Twenty years ago, the primary communication in the media landscape, arrived at audiences via television. Almost every home had one, and that dominant linear storytelling device delivered content narratives lasting anywhere between 30 seconds and three hours. Music, drama, film and advertising used television exclusively to amazing effect.
This was where “it” happened: Hundreds of moments that defined culture and drove an emotional connection to brands that, even decades later, remain difficult to forget.
Think about it. Very few people (those born in the ’70s and ’80s, particularly) could deny the use in common parlance, the indelible role of the “I don’t want to grow up, I’m a Toys ‘R’ Us kid” jingle or the “Kodak moment” we’ve had in our lives. The fame and absolute saturation of this creativity was everywhere. And yet the businesses, products and services provided by those companies became utterly irrelevant at worst and gradually marginalized out of existence at best.

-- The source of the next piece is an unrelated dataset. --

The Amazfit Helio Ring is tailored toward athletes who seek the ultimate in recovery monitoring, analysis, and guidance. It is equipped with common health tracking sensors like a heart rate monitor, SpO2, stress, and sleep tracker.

The colossal change in business, driven by new technology, the internet and an empowered consumer is well-documented and something we are all now familiar with. However, less well known—or admitted to—is that the industry has been slower to realize, adopt and accept that a significant amount of this disruption exists through the creation of new, previously inconceivable brand experiences, interactive business services and experience design.
One doesn’t have to think too hard or look too far to see the evidence of this. Think about those reasonably commoditized business offerings, introduced by late entrants into the world of retail (Amazon), transportation (Uber and Waze), travel (Airbnb), entertainment (Netflix and Spotify) and finance (Apple Pay). Now consider the one truly significant differentiator that they all have in common; the one thing that emotionally touches people; the thing that people now can’t imagine life without; the thing that makes them feel all warm and fuzzy; the thing they tell their friends about and that keeps them coming back.

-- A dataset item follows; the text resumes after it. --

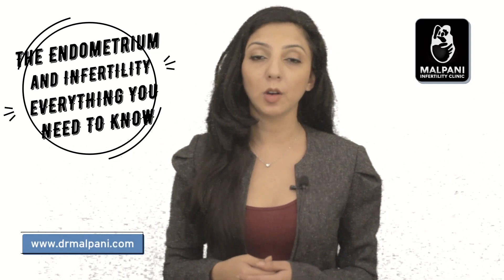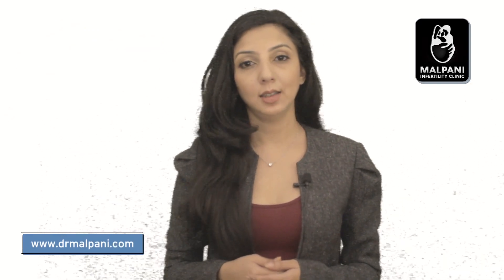For an infertile couple, it can be quite scary to go to a doctor because doctors use a lot of medical jargon. Many of these are difficult long words which are hard to pronounce and which they have never heard before. The problem is compounded by the fact that most doctors never bother to take the time and trouble to explain the meaning of these terms.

It is the experience; the interactions that surround and facilitate the product and the brand; the purposeful utility provided by a collection of moments that streamline their lives.
These days, everyone has an opinion on what the most innovative and culturally impactful creativity looks like, yet there appears to be an increasingly universal appreciation, amongst the industry at least, for a less linear experiential format. Consider the frictionless ordering of a Domino’s pizza with nothing more than an emoji, the subscription enabled ownership of your next new Volvo and the ability of YouTube to connect with your Google voice assistant so that you are less confused about the irresistible nature of Burger King’s flagship product. These and many other Cannes Lions Gold and Grand Prix Lion-winning moments of creativity indicate that the era of experience is not only here, but it’s having the most profound effect.

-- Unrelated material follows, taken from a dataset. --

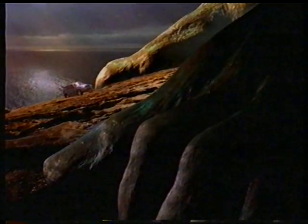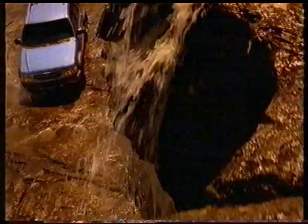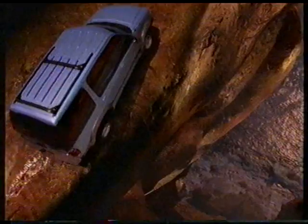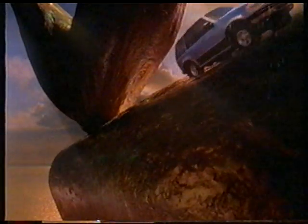Introducing a different kind of four-wheel drive that thinks. The all-new Explorer has ControlTrack, intelligent technology that senses any loss of traction and automatically engages four-wheel drive. It's also the only four-wheel drive thoughtful enough to feature an optional five-speed automatic transmission.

The value of creativity, its role within business and the return on investment it offers the brand has never been more important, not only for the CMO, but also for CEOs everywhere. No longer can the communication and marketing be something that happens “over there” in a desperate state of trying to link itself and connect with the realities of the business and changing customer behavior “over here.”
Increasingly, the most relevant connections between businesses and their desired audience are being made through the creation of solutions in a whole variety of shapes and sizes. These unforgettable, indispensable experiences are created through an interface that serves and stimulates both the functional and emotional needs across numerous moments in the relationship. Let’s celebrate this change and experience a new era of creativity.